MOA is the most popular open source framework for data stream mining, with a very active growing community (blog). It includes a collection of machine learning algorithms (classification, regression, clustering, outlier detection, concept drift detection and recommender systems) and tools for evaluation. Related to the WEKA project, MOA is also written in Java, while scaling to more demanding problems.
MOA performs BIG DATA stream mining in real time, and large scale machine learning. MOA can be extended with new mining algorithms, and new stream generators or evaluation measures. The goal is to provide a benchmark suite for the stream mining community.

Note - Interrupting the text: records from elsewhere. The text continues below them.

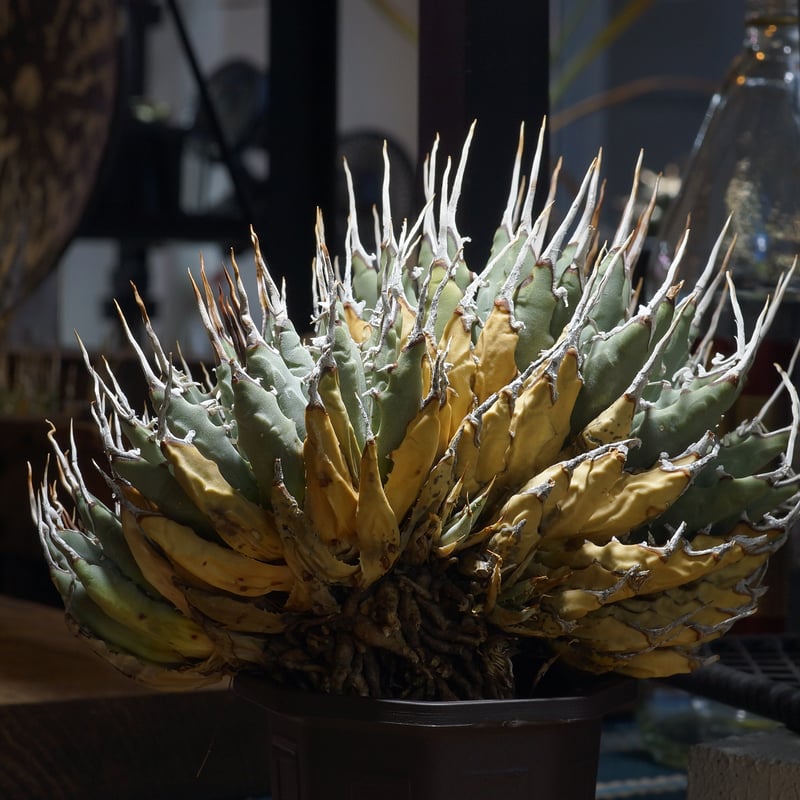 アガベ ユタエンシス エボリスピナ / ES-16 | アガベ専門店 モンスター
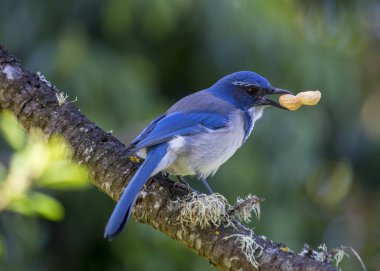 California Maki jay (Aphelocoma californica) açık havada benekli
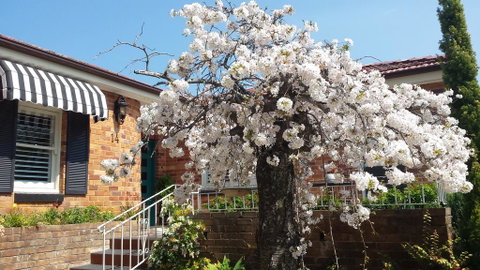 Winston Cottage At Three Sisters - Hotel Accommodation 3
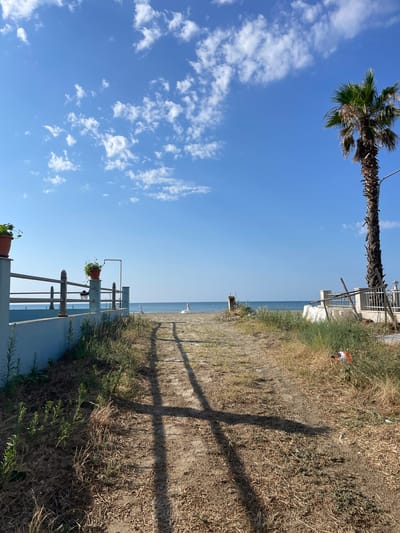 The image depicts a sunlit beach path leading towards the sea in Skala Avdiron, Greece. A dirt path, partially covered with dry grass and weeds, dominates the foreground. Two distinct shadows, cast by an unseen object, stretch across the path. To the left, a low, light blue wall runs along the edge of the path, topped by a railing. Several potted plants are placed on top of the wall. Further down the path, a lone palm tree stands tall on the right side, its fronds rustling in the breeze. The sea is visible in the distance, a calm, blue expanse meeting the horizon under a bright blue sky dotted with scattered white clouds. A small white structure and a red and white flag are visible on the beach. There are no people visible in the image. The scene suggests a quiet, warm day at a somewhat untended beach.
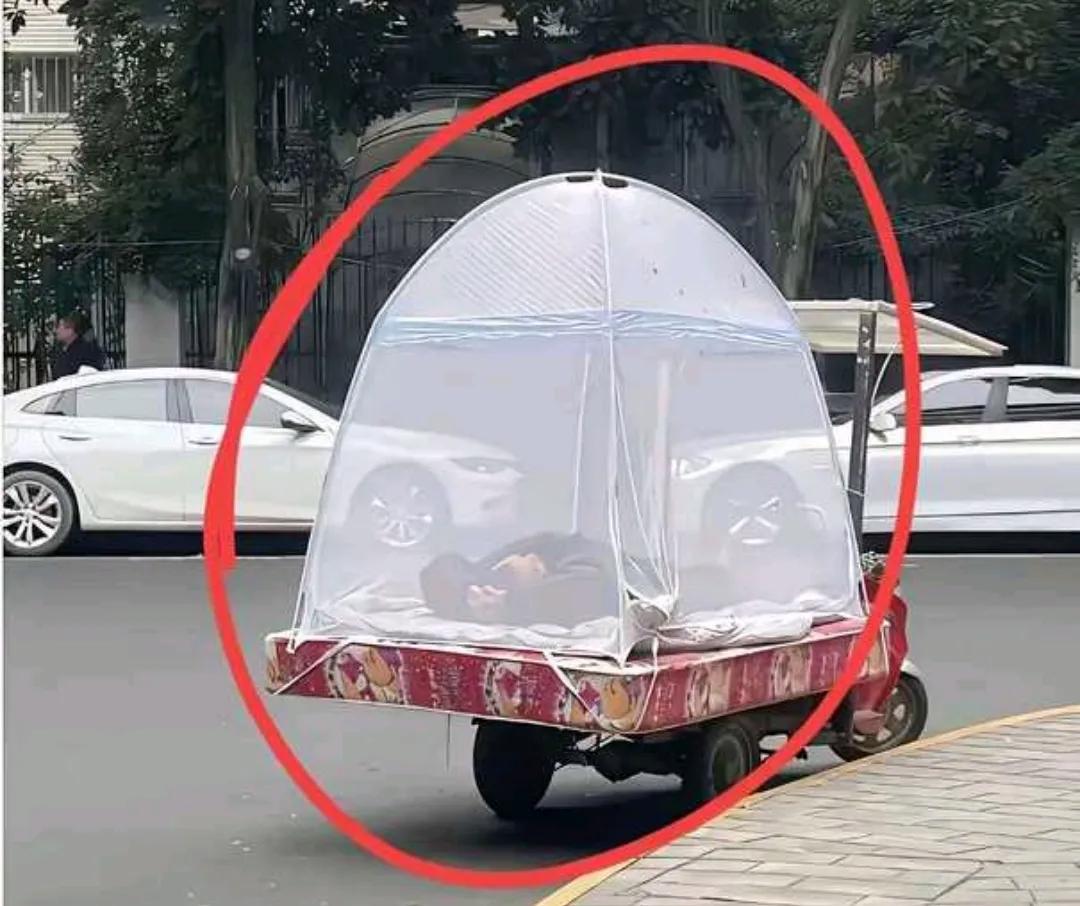 这创意真的是太棒了
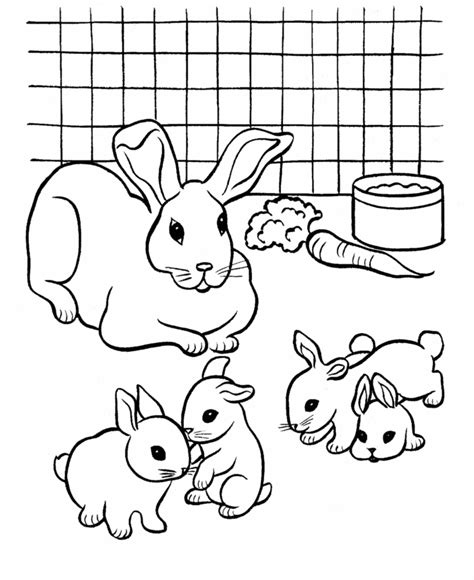 Baby Bunnies Coloring Pages Download And Print For Free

The OE-SPL algorithm is in the moa/src/main/java/moa/classifiers/meta
folder.
We run all the experiments on a virtual machine inside a Docker container to correctly extract the memory consumed by each model. After launching the Docker container, to reproduce all the experiments of the papar, run the two .sh
files, where each line corresponds to a single model tested on a particular data stream. For example, the following line shows the first
run of the OE-SPL
model with HT
as base learner using the sea
stream having concept drift type P(y)
. The output is then redirected to the results
folder. Each model, for each data stream and base learner, was tested 10
times with a different seed value.
docker run --rm --name="P_y_sea_HT_1" -v $(pwd)/results:/src/results test_moa bash -c "java -Xmx15g -Xss50M -cp moa.jar -javaagent:sizeofag-1.0.4.jar moa.DoTask \"EvaluatePrequential -l (trees.HoeffdingTree -S -D 32) -s (ArffFileStream -f (datasets/P(y)/sea.arff)) -e (WindowFixedClassificationPerformanceEvaluator -w 50000 -o) -i -1 -f 1000\" 1> results/P\(y\)/sea/HT/1.csv 2> results/P\(y\)/sea/HT/1_err.csv"

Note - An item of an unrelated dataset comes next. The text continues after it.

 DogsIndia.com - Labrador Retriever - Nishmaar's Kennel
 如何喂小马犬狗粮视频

Finally, we averaged the results over the 10
repetitions of all the models tested, and we used those results to apply the Welch's t-test and the Nemeyi test.
If you want to refer to OE-SPL in a publication, please cite the following paper:
Alessio Bernardo, Emanuele Della Valle, and Albert Bifet. "Choosing the Right Time to Learn Evolving Data Streams." 2023 IEEE International Conference on Big Data (Big Data). IEEE, 2023 (To Appear).